Brackets!!
f = @(x) 2.^x - x.^2 - 2; % Function whose roots are desired
xL = 4; xU = 5; % Initial guesses
Tol = 1e-6; % Tolerance (0.000001)
c = 0; % Counter for the no. of iterations
while abs( xU-xL ) > Tol
c = c + 1;
xm = xU-f(xU)* (xU-xL)/(f(xU)- f(xL)); %%%%%%%%%%%%%%%%%%%%%%%%%%%%%%% Put brackets round f(xU)-f(xL)

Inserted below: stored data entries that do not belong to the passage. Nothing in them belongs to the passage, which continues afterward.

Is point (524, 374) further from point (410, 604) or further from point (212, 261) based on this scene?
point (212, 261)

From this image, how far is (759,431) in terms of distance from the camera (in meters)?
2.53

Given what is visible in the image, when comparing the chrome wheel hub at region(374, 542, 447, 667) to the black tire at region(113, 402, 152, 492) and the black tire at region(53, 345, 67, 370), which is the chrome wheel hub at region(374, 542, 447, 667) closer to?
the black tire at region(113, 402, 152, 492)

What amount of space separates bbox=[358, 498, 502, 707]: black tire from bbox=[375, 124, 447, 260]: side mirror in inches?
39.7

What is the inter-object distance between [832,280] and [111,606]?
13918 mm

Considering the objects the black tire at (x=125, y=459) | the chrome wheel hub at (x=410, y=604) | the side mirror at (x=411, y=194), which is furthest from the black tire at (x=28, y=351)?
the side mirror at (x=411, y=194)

fm = f(xm); % Evaluate the function at x = xm
% % Print the intermediate results
fprintf('Iteration: %d\t',c);
fprintf ('[xL,xU,xm ] = [%.6f, %.6f, %.6f]\n', xL,xU,xm);
if f(xL ) *fm < 0 % If the root is on the left,
xU = xm ; % then set xm as the new xU.
elseif fm * f( xU ) < 0 % But if the root is on the
xL = xm ; % then set xm as the new xL.
else
break; % Stop! xm is exactly the root
end
end
plot(xm,f(xm),'r*', 'Markersize', 10); % plot the xm points
fprintf ('The root is: %.6f \n', xm);